To try and return Uganda to a regime of enforced laws and regulations would be to inflict severe pain on the population. It would be a traumatic experience.
The second challenge, perhaps the most difficult of all, will be to inculcate among the educated workforce a sense of accuracy in their official or public writing, this as basic as spelling, punctuation, grammar, styling and the proper use and rendering of formal titles.
At first, some of us thought that what we read online, on social media platforms, was just an informal way of communicating but that when writing formal documents, Ugandans know what is right and proper.
It has become alarmingly clear that this is not so; most Ugandans, even the best-educated among them, have grown up in a society and gone through an education system in which they don’t know basics, for example, that the way to describe an army officer is as Lt Col John Okello or Lt Col Okello, not Lt Col John, as is now typical in Uganda.
Even with all the auto proofreading programmes on smartphones, social media platforms and desktop computers, it is almost impossible to come across a single Ugandan public or formal document that is free of grammatical or typographical errors.

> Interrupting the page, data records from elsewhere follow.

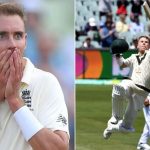 Stuart Broad reacts on Tim Paine's declaration denying David Warner of world record in Adelaide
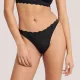  Sloggi ZERO Feel  Bliss Γυναικείο String invissible black  10219696.0004/04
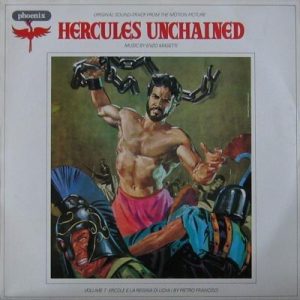 ENZO MASETTI HERCULES UNCHAINED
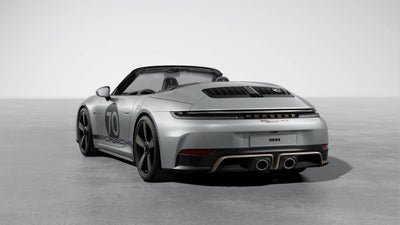 2026 Porsche 911 Spirit 70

The third challenge has to do with craftsmanship, diligence, a sense of fine quality in everything from packaging commercial products to finishings in houses and offices, video and photo quality, accuracy in colour rendering, graphics, website and mobile application design, and so forth.

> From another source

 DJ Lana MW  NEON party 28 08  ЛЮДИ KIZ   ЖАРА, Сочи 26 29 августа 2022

Be it a major new shopping mall or a hotel room, a political party press conference or NGO advocacy print material, it is almost always a case of poor accompanying photography or, in the case of buildings, poor finish in the woodwork, painting, or fittings.

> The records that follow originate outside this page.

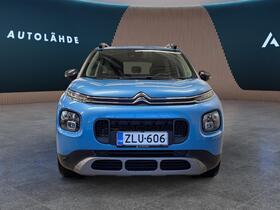 Citroën C3 Aircross vaihtoauto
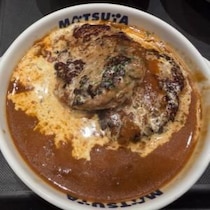 【グルメ】「ご期待に応えて　ブラウン復活。」　松屋で7か月ぶり復活の「ブラウンソースハンバーグ定食」を食べてみた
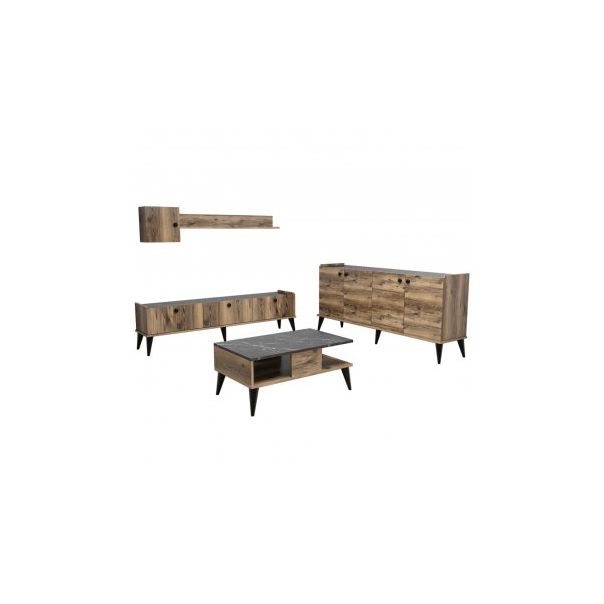 HANAH HOME Set za dnevnu sobu Lidya 2 - 196244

The fourth challenge is the well-known one of record-keeping and documentation -- minutes of meetings, financial transactions, records of residents of LC I villages, video and audio recordings, government documents.
Ugandans, like most Africans, live almost entirely in the present.
Once the activities or preoccupation of the moment are finished, they move on to the next activity and what happened yesterday gets lost in history.
Very little archiving or collecting takes place in the society, and so there is very little of a sense of continuity.
After about three years in the life of an LC I village of a business company, it is difficult for new residents or employees to have a clear sense of what came before them.
Institutional history disappears within a short span of time.
Fortunately, the Internet and its sub-section social media, by their built-in archiving features have enabled a default archiving and retrieval of written posts, photos and videos.
Had it not been for the Internet, Ugandan history would have been almost entirely one of dark holes.
Much contemporary Ugandan history would have been lost for good in the ether.
Cleanliness
The other well-known challenge, as well known as the fourth, is that of cleanliness, especially in public places: Garbage disposal and litter.
This needs no overstating; everyone is familiar with the shabby surroundings of Kampala and other towns, and how little this seems to bother most residents.
In other words, the trait that is most lacking and that is most urgently needed in Ugandan society is attention to detail and a sense of higher purpose than just a going through the motions of life.
This is the true, endemic, existential crisis facing the country.
If we were to overcome any one of these five challenges and no other, the quality and pleasantness of life in Uganda would dramatically improve even without any political reform.
There has been too much a focus on political and governance questions, to the total neglect of these much more entrenched weaknesses and problems.